## DATASET ENTRIES
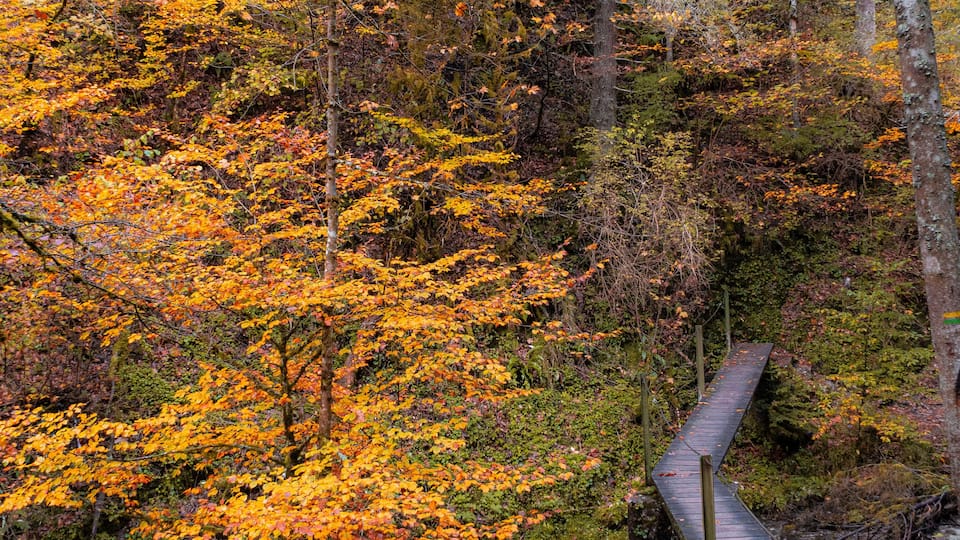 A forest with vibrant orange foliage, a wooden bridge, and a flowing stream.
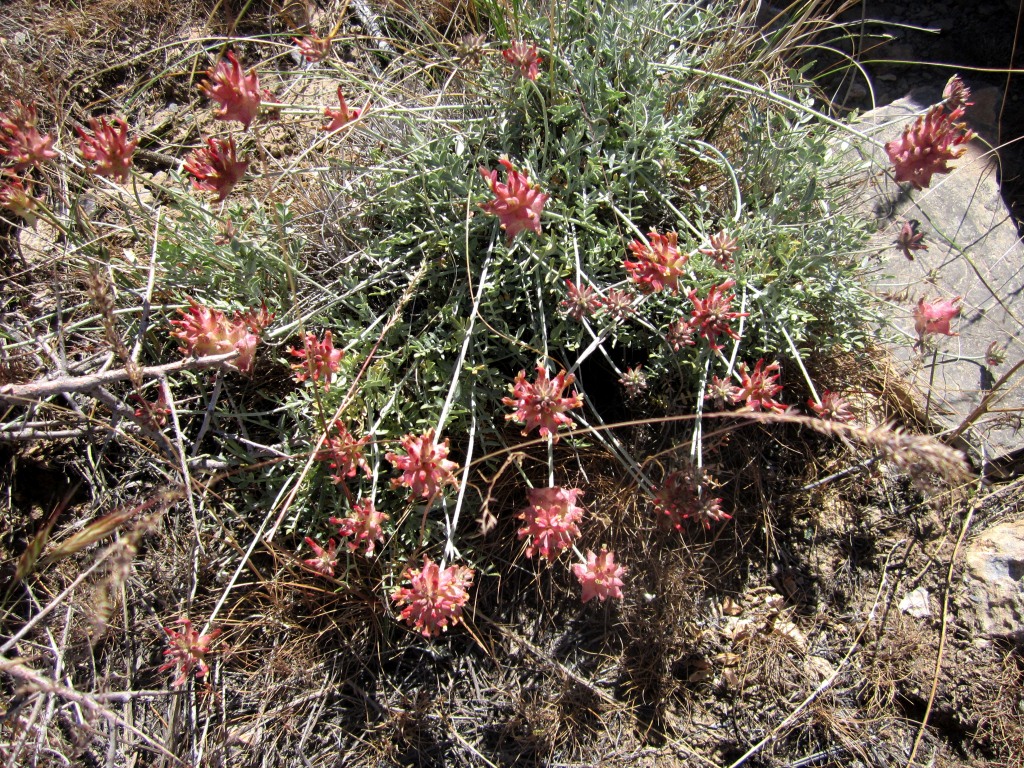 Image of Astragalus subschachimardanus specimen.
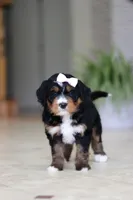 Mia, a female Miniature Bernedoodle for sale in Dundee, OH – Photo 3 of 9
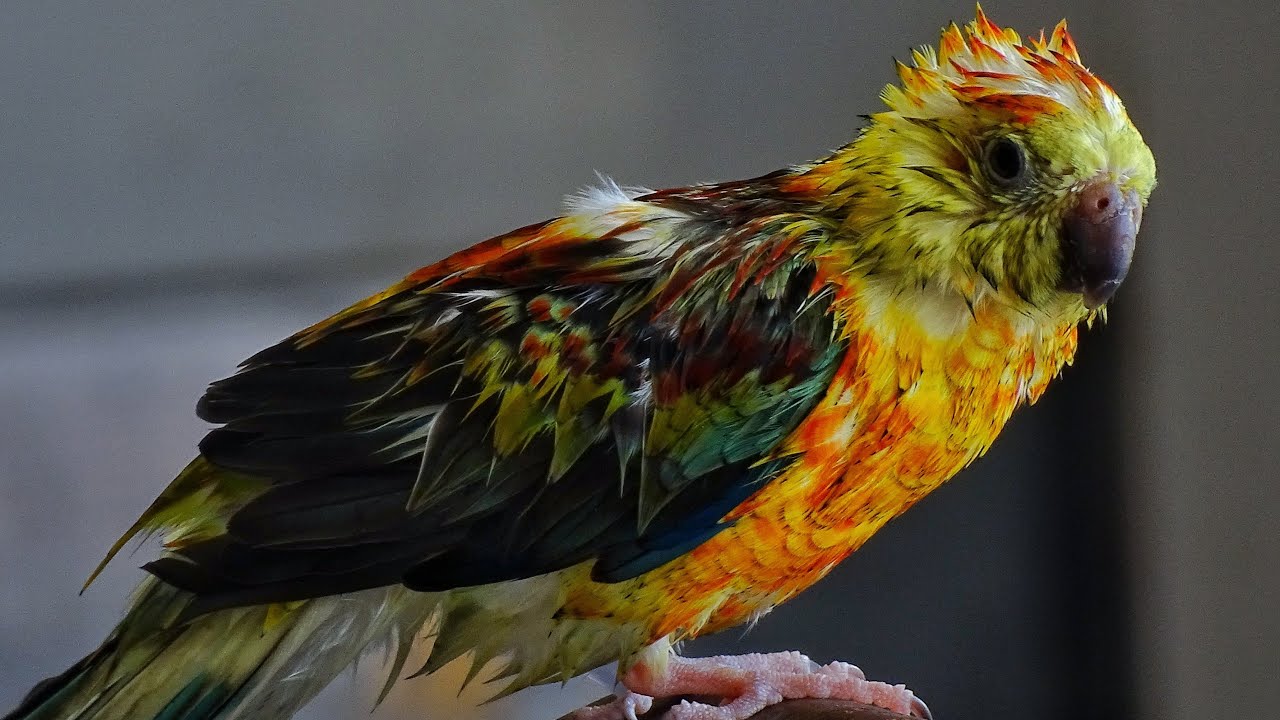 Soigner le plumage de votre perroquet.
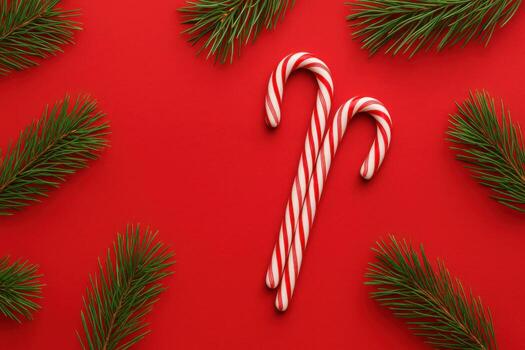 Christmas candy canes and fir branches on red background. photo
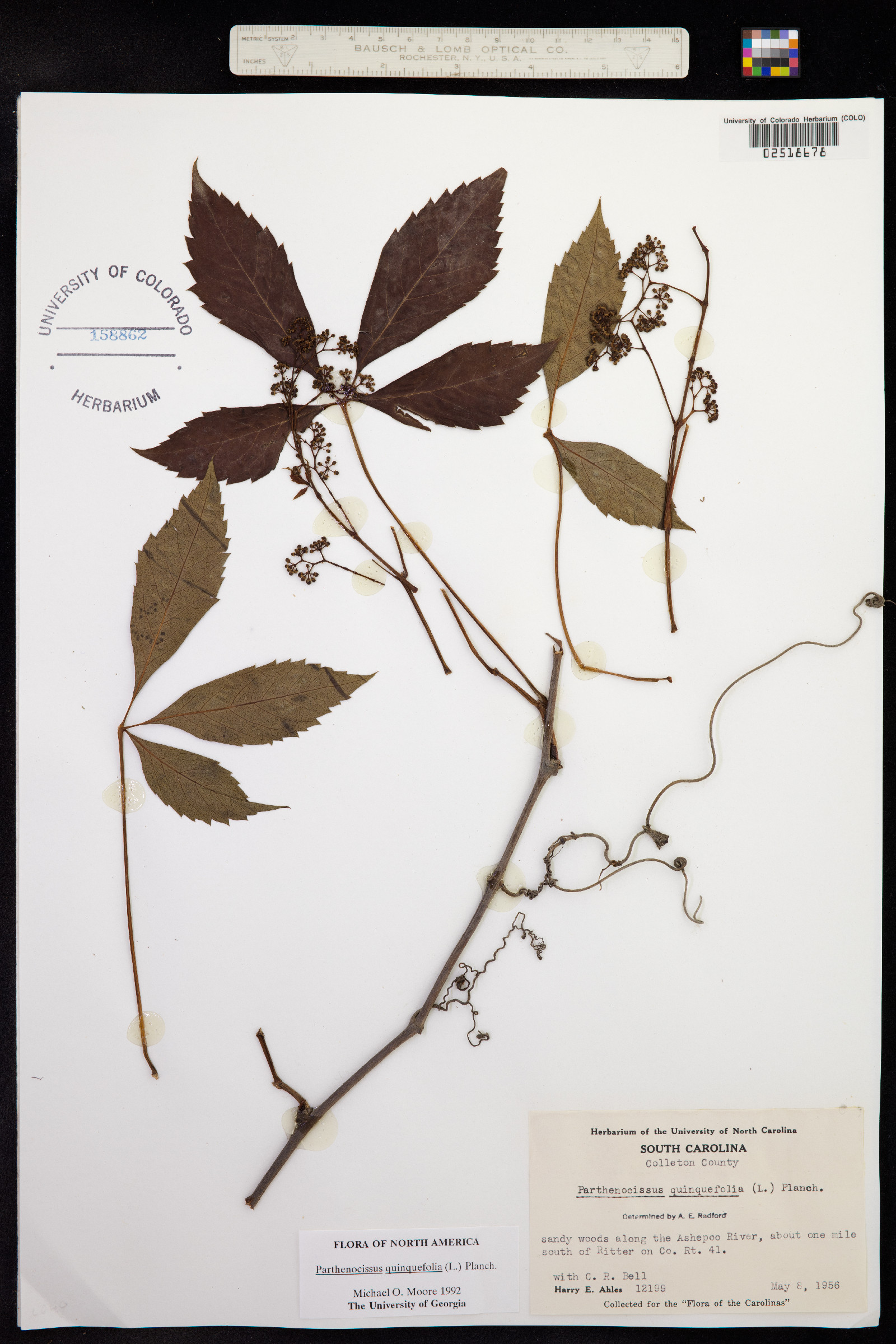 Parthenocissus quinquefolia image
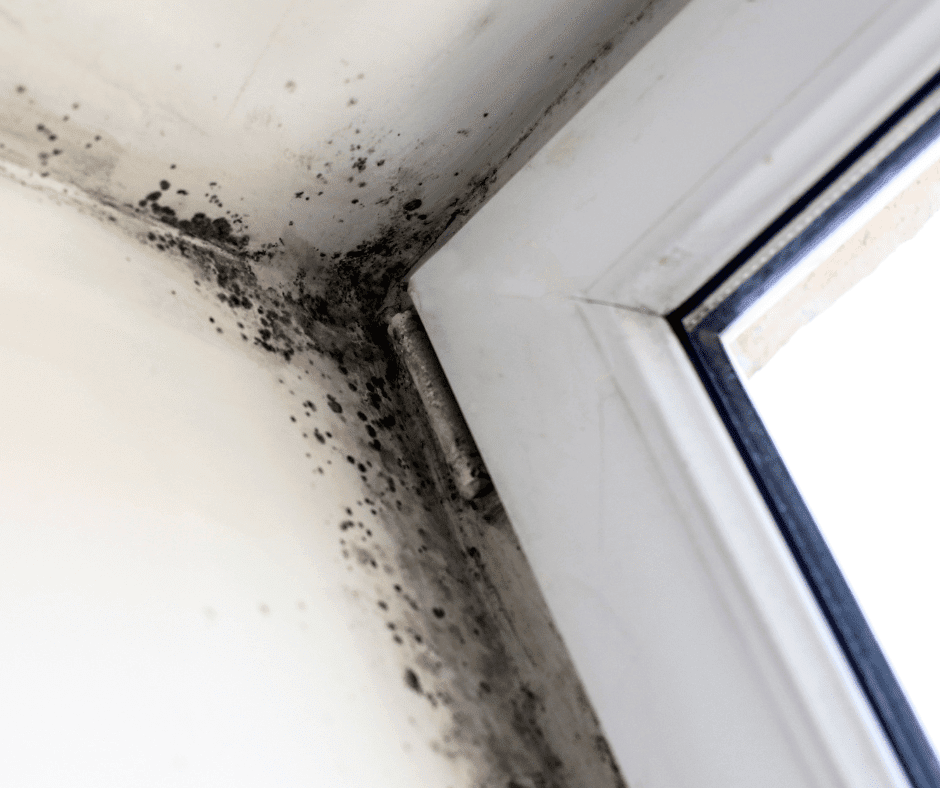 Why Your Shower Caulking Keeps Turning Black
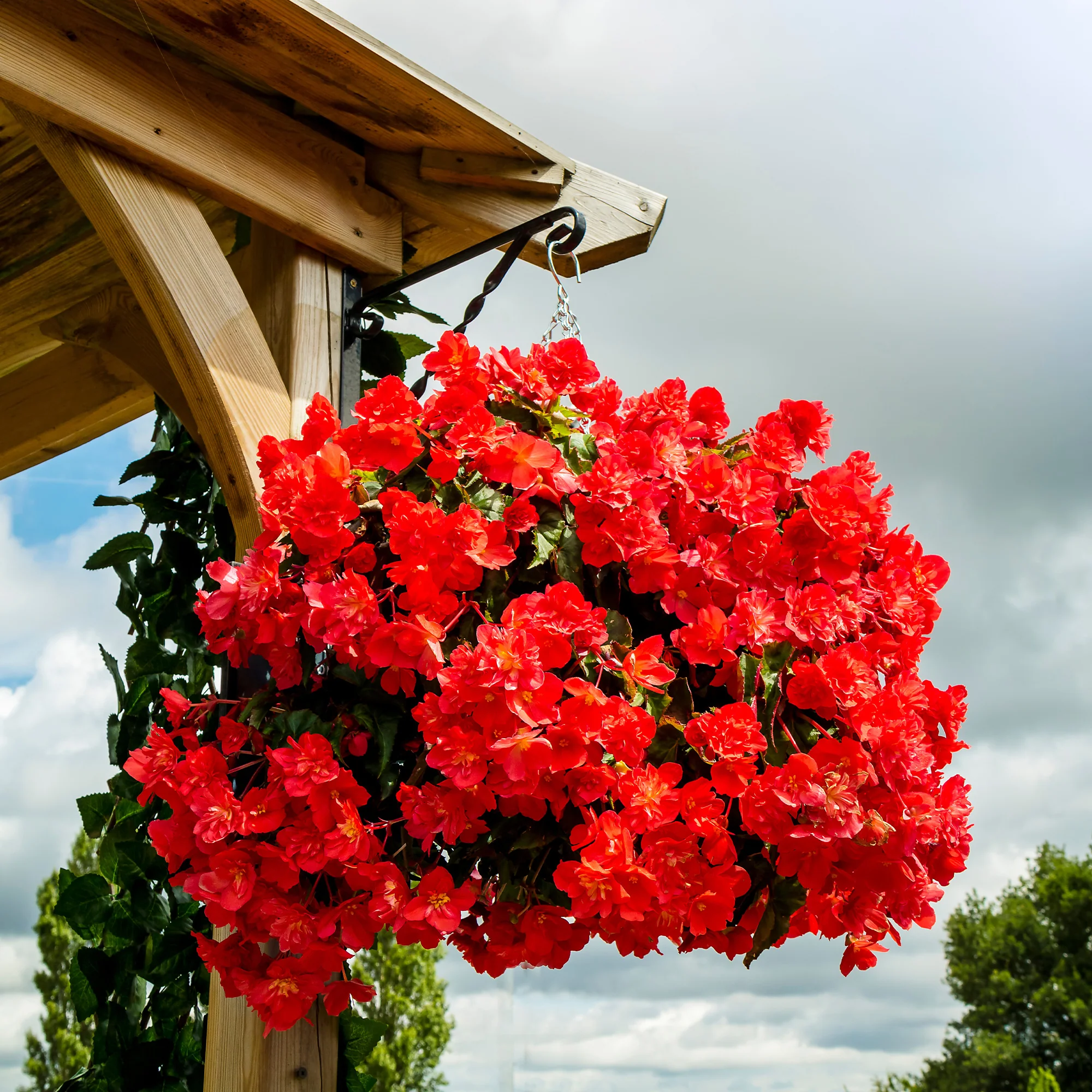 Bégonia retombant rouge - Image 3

## YOUR TASK
Your copy must hold exactly the lines from the one with "Why Your Shower Caulking Keeps Turning Black" to the end of the records above, both included, and no pictures.

## THE ANSWER
 Why Your Shower Caulking Keeps Turning Black
 Bégonia retombant rouge - Image 3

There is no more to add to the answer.